I was placed on the bed and the covers drawn up over me. People were speaking, but I kept my arm up over my head and didn’t look at anything or listen to anything until Abbie touched my shoulder and spoke my name and asked me how I was. Then I came out slowly, warily, like a turtle in a French kitchen, to see Abbie sitting on the bed and leaning over me, with a lot of people I didn’t like in the background.

Abbie asked me again how I was, and I muttered something, and the leader of the pack came forward to say, “I want you to know that wasn’t intentional, Chester. I don’t do business that way.”

I looked at him.

“I hope there’s no hard feelings,” he said, and the expression his face wore now was concerned.
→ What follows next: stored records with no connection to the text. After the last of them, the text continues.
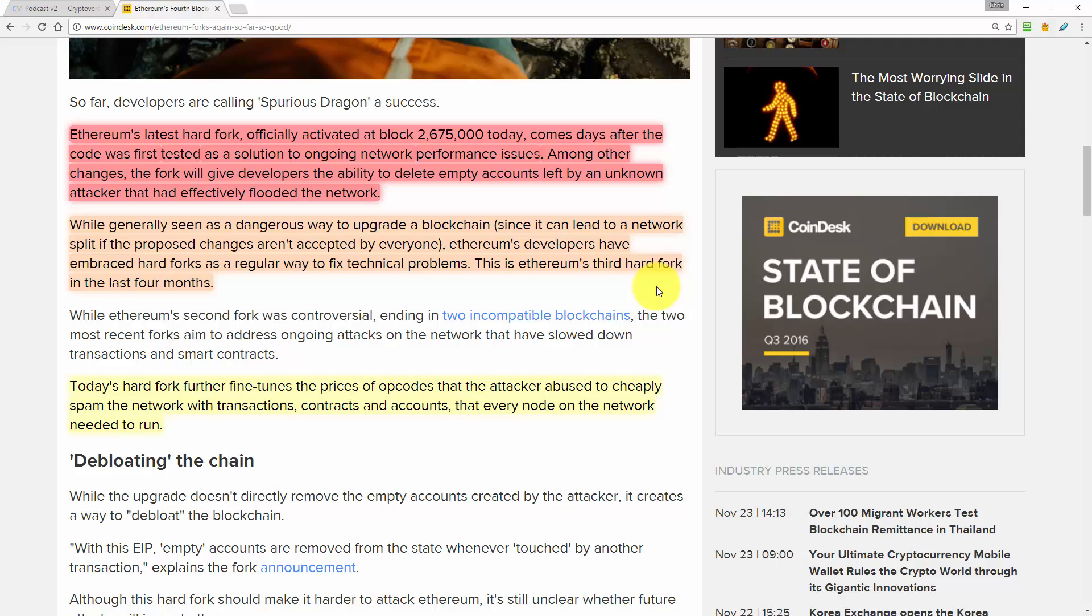However, when it comes to upgrading the software, that has to be done by human beings. And we don't yet have a reliable way for human beings to reach consensus. Now the reason that's required is because it's human beings who have to install the updated software. And if some people don't like the new software, you can end up splitting a blockchain into two just like what happened with Ethereum. And that's the main reason why hard forks are generally considered to be scary.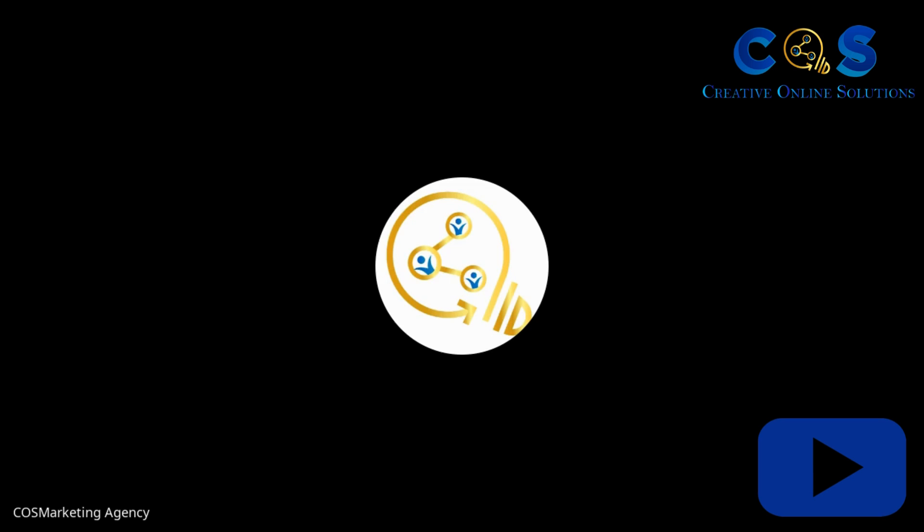Hey everybody, this is Katrina, the owner of COS Marketing Agency, and today we are doing a tutorial on how to set up an ad on vFly.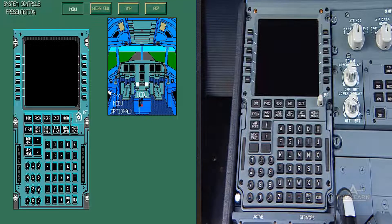The Multipurpose Control and Display Unit, MCDU, allows three functions.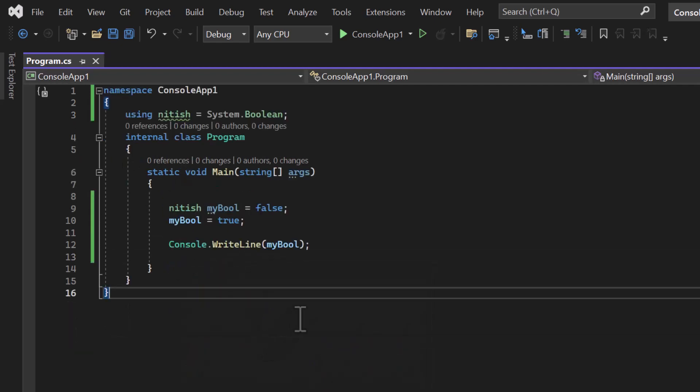Boolean is one of the most used data types in C# applications. That is all in this video. Thank you for watching.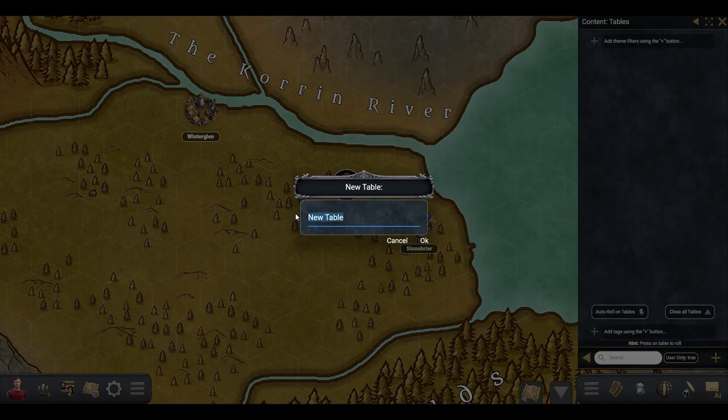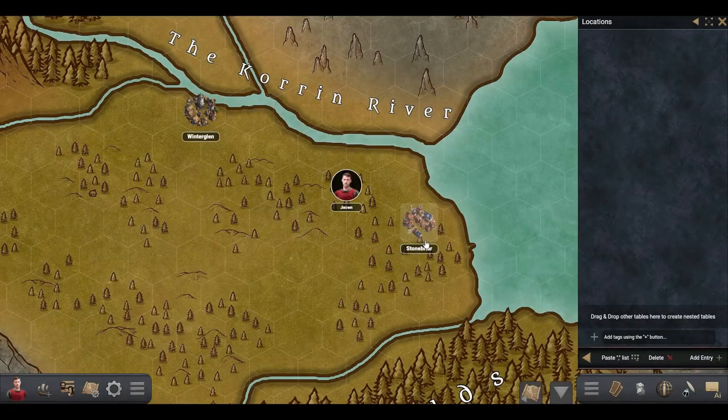Press on New Table and write its name. For this example, we are going to add the Locations table from Iron Sword.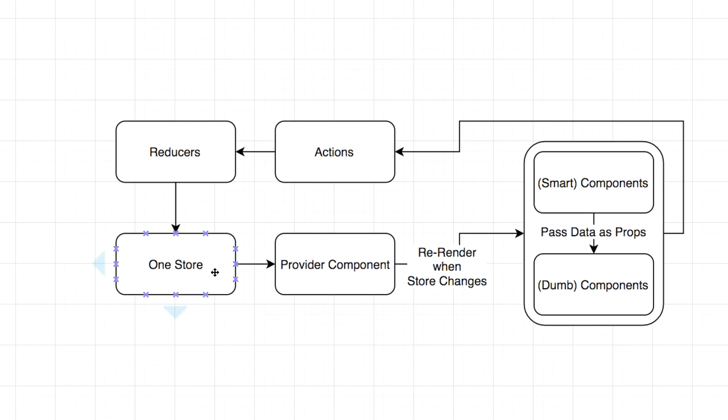We never actually change this object. We only create new versions of this object. That way we always have a full history way back from the time our app booted up in the browser to wherever you end up. You have a full history of the exact state of your application every step along the way, every change along the way.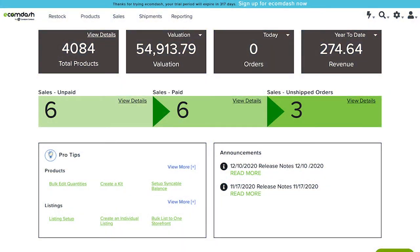With EcomDash, you can list multiple products to an integrated sales channel instead of just doing one at a time. In this short video, we'll show you how it's done.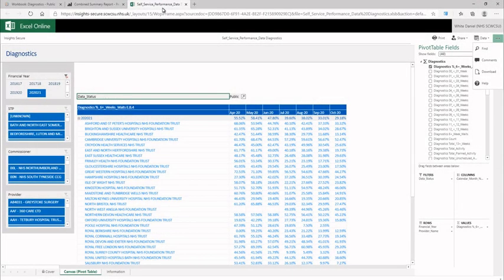Microsoft Excel Online is used to create the self-service reporting tools. Using the self-service reports, anyone familiar with Microsoft Excel and Pivot Tables can create a completely customizable report tailored to their requirements, then export that data for publication or further analysis.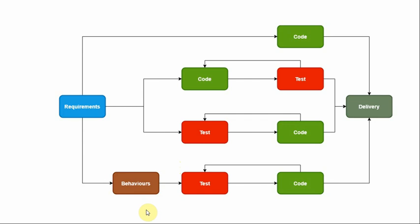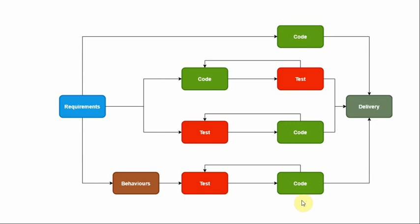Finally there is behavior-driven development where you identify the behaviors, the human aspect of the system, the scenarios. Based on those scenarios you write the test, and from the test you write the code. Again, it's an iterative process where if there is certain functionality that needs to be provided, first you write the test for that and then you write the code. You do it again and again until you are satisfied to deliver the product.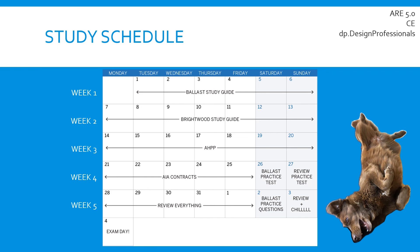I'd also like to note that during my typical study schedule, I was working a full-time job 40 hours a week, going to the gym, and going to social events. You can definitely pass this exam in a month or less without sacrificing your life. The key to getting through these exams and keeping your sanity is to not give up your life and find balance between work, life, and everything else going on.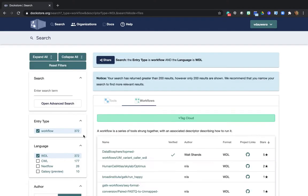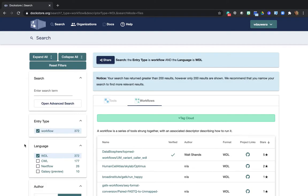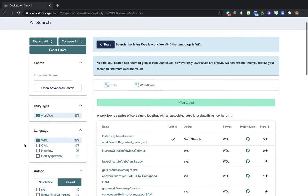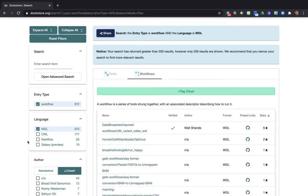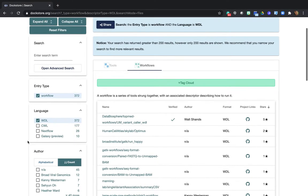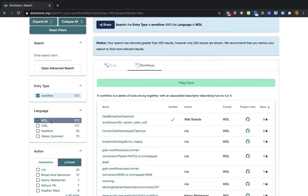And you'll notice that this takes us to the Dockstore website, so we're not in Terra anymore. But don't worry, we'll find our way back. Now, as you can see here on the left, the system automatically selected some filters to have Dockstore only show us workflows that are written in the workflow description language called WDL, which we pronounce WIDL because it's easier to say and it rhymes with funny things.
Not that I believed there was ever any relationship between what he was thinking and what his face showed.

I looked at Abbie, and she gave me a look that said, “Be circumspect.” So I looked back at Solomon Napoli and said, “No damage done.” My throat was a little hoarse, so that my voice rasped a little, slightly undercutting the meaning of my words, but not so much that he couldn’t ignore the discrepancy, if he chose.

He chose. “That’s good,” he said. He glanced at his watch, gave me a smile that I guess was supposed to be friendly, and said, “I missed my meeting to be sure you were all right.”

“I’m all right,” I said.

“Good. Then we can get back to what we were talking about. Miss McKay?”

So Abbie squeezed my hand and went away, leaving me once again with Napoli and his two elves. Napoli seated himself in his bedside chair once again and said, “I’ve been thinking over what you said, and it’s entirely possible you’re telling the truth. It could be you’re just an innocent bystander in all this, you don’t work for Droble at all.”

Droble. Was that one of the names Detective Golderman had asked me about? It seemed to me it might have been, but I was in no condition to pursue the question. I didn’t really care one way or the other.